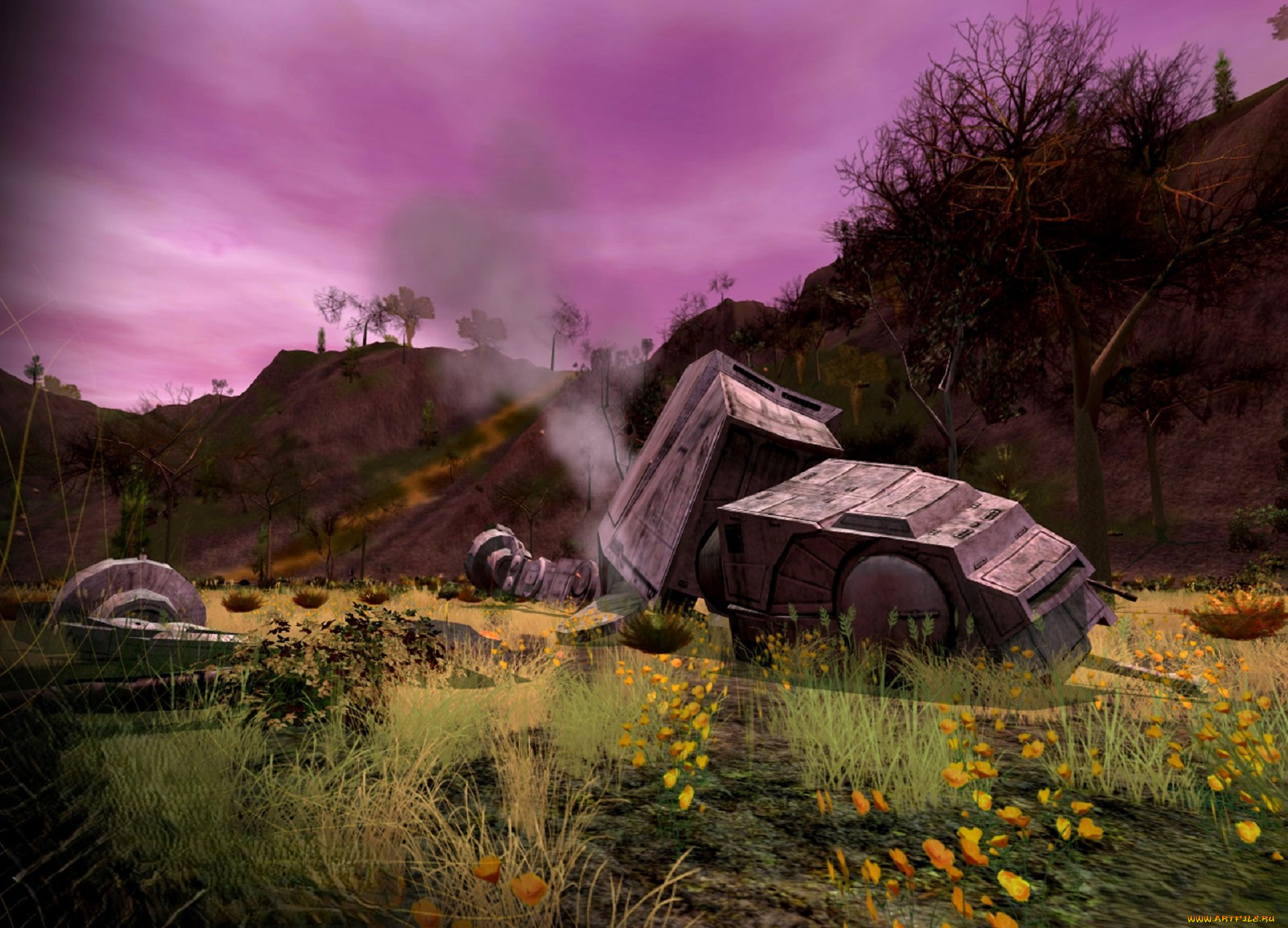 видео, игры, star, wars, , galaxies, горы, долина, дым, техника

---

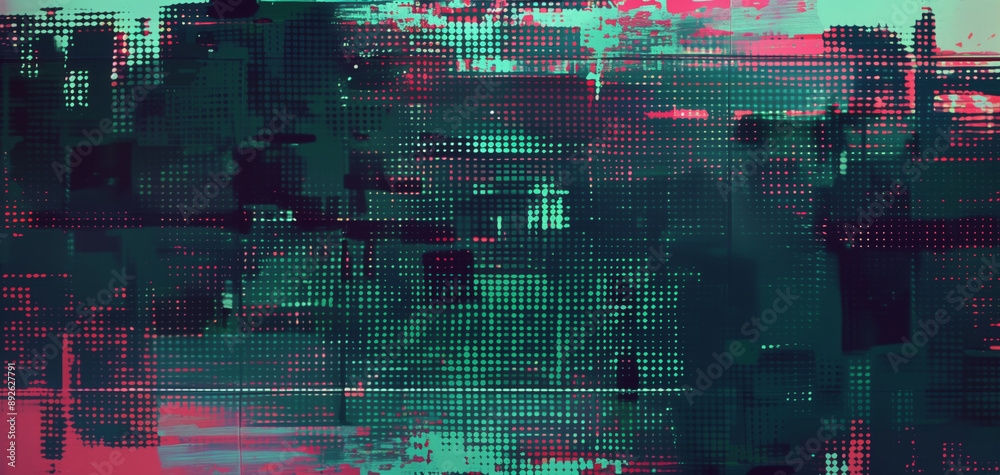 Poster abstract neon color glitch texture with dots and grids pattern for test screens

---

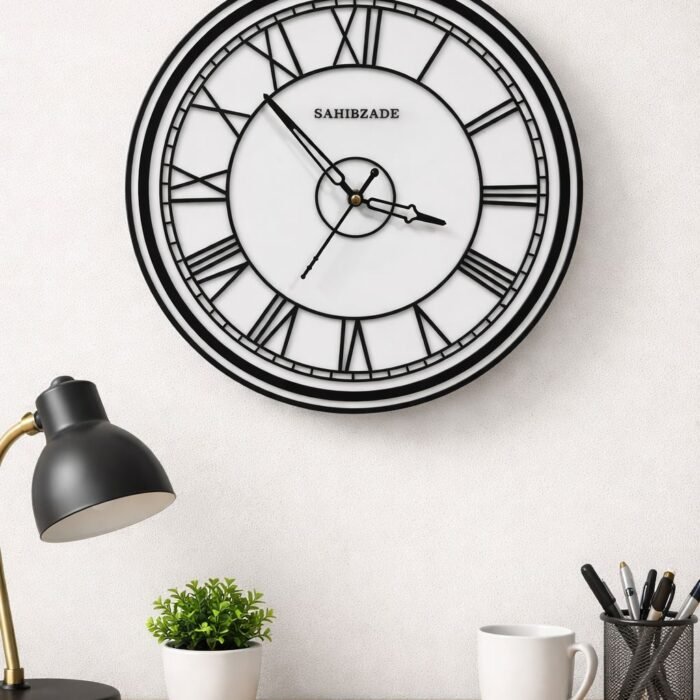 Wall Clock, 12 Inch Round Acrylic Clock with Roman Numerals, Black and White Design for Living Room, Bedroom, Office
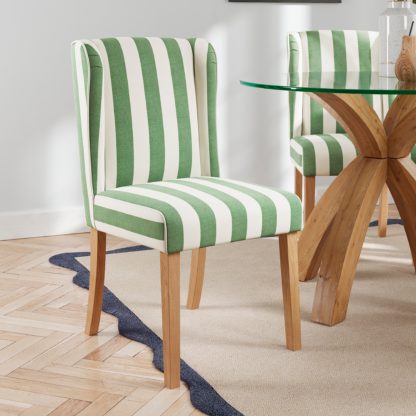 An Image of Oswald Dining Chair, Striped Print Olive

WORK ORDER = Among the entries above, take the lines from the one with "Wall Clock, 12" through the one with "An Image of" and retype them exactly, leaving out the pictures.

RESPONSE =
 Wall Clock, 12 Inch Round Acrylic Clock with Roman Numerals, Black and White Design for Living Room, Bedroom, Office
 An Image of Oswald Dining Chair, Striped Print Olive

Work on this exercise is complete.